Exercise goal
Below are records; print only the lines from the line containing "Book Search and" to the end, both included, reproduced exactly and without the pictures.

Records provided

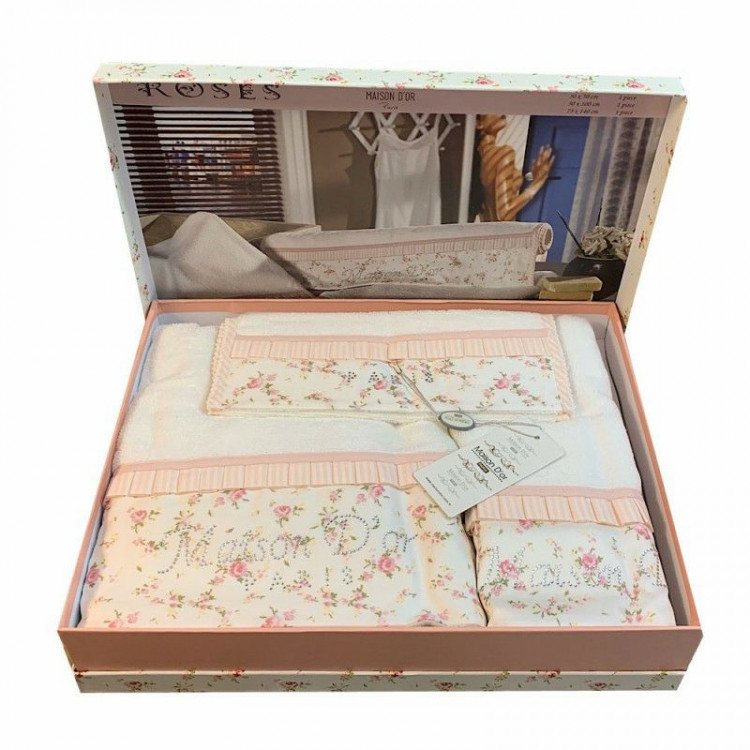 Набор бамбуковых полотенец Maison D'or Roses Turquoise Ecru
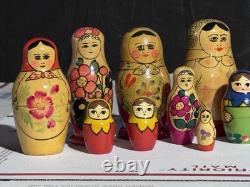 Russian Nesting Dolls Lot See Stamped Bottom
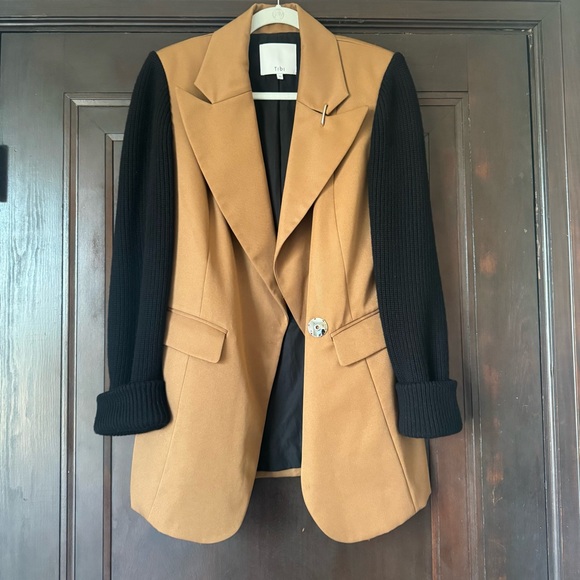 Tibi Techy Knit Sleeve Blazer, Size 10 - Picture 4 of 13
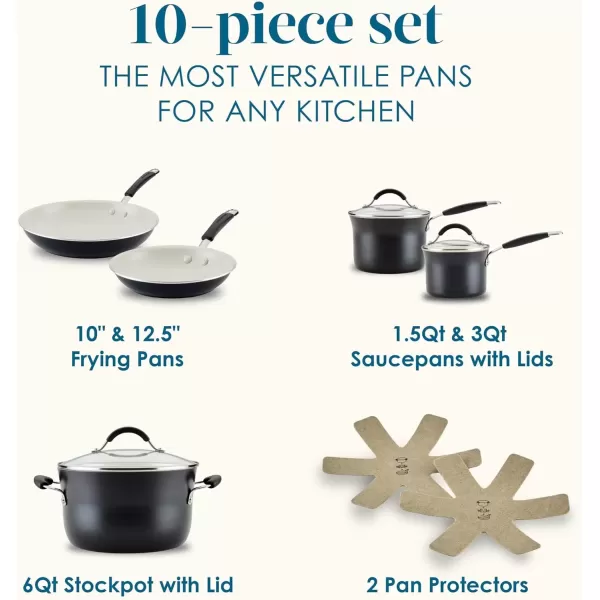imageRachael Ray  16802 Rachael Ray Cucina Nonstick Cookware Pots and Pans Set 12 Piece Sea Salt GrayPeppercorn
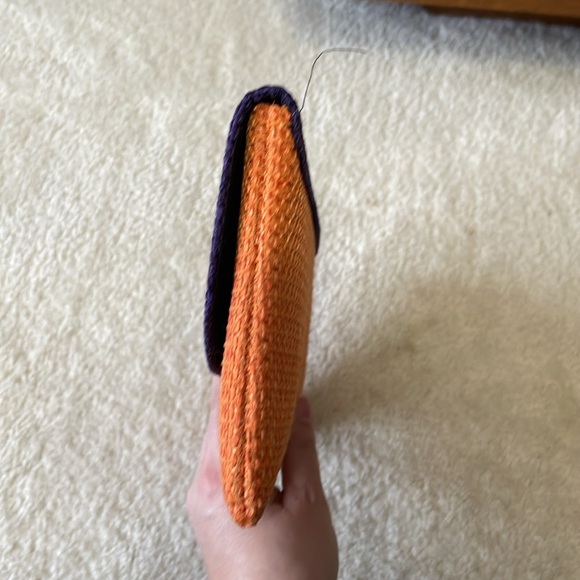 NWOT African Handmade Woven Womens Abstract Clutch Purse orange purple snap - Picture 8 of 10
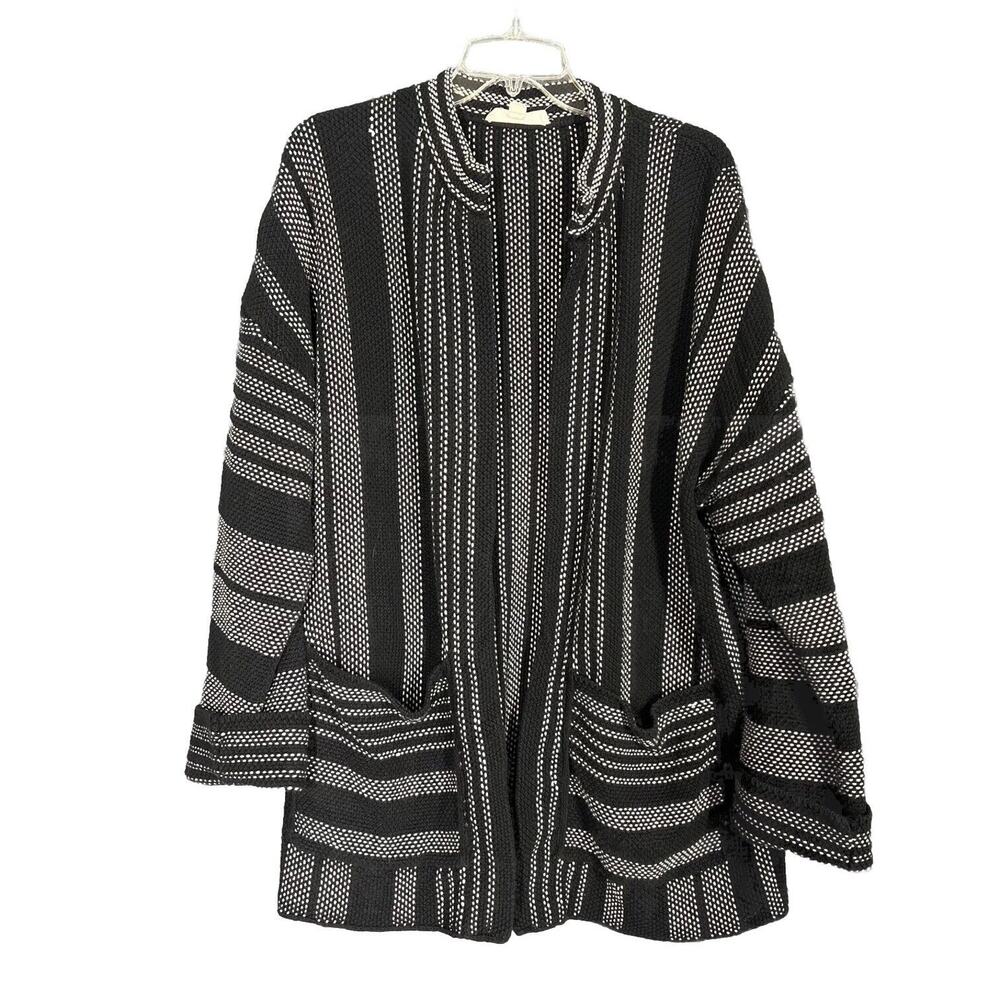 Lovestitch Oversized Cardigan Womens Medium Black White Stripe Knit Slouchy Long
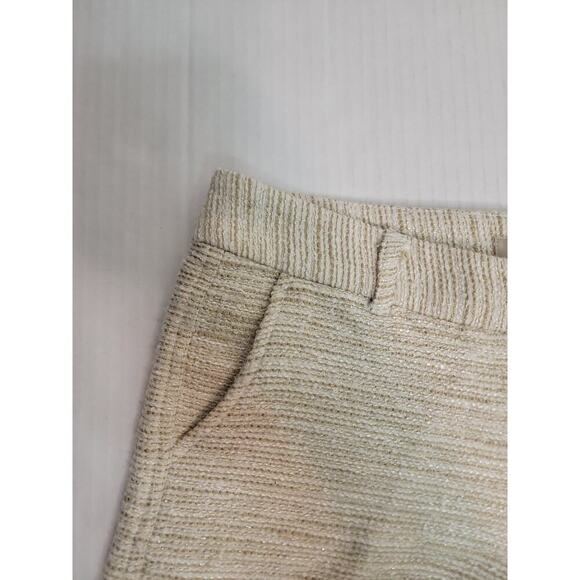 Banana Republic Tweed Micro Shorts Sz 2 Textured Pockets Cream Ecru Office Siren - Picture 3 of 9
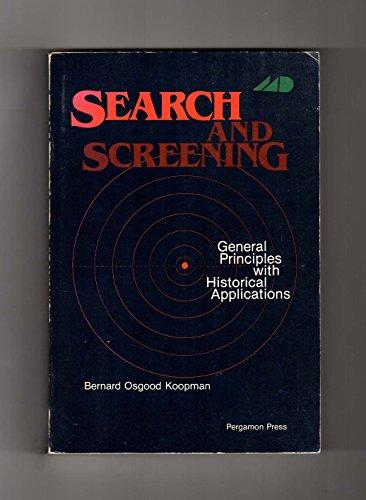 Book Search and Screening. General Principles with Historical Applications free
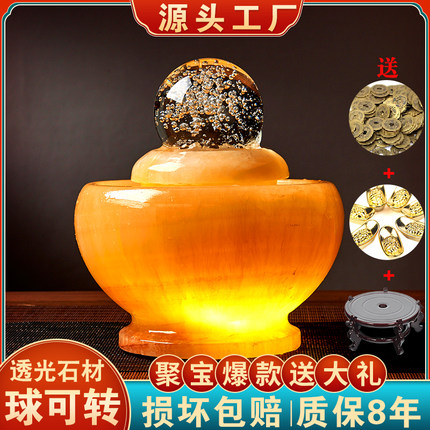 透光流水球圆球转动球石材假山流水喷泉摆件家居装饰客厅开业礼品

Solution to this problem
 Book Search and Screening. General Principles with Historical Applications free
 透光流水球圆球转动球石材假山流水喷泉摆件家居装饰客厅开业礼品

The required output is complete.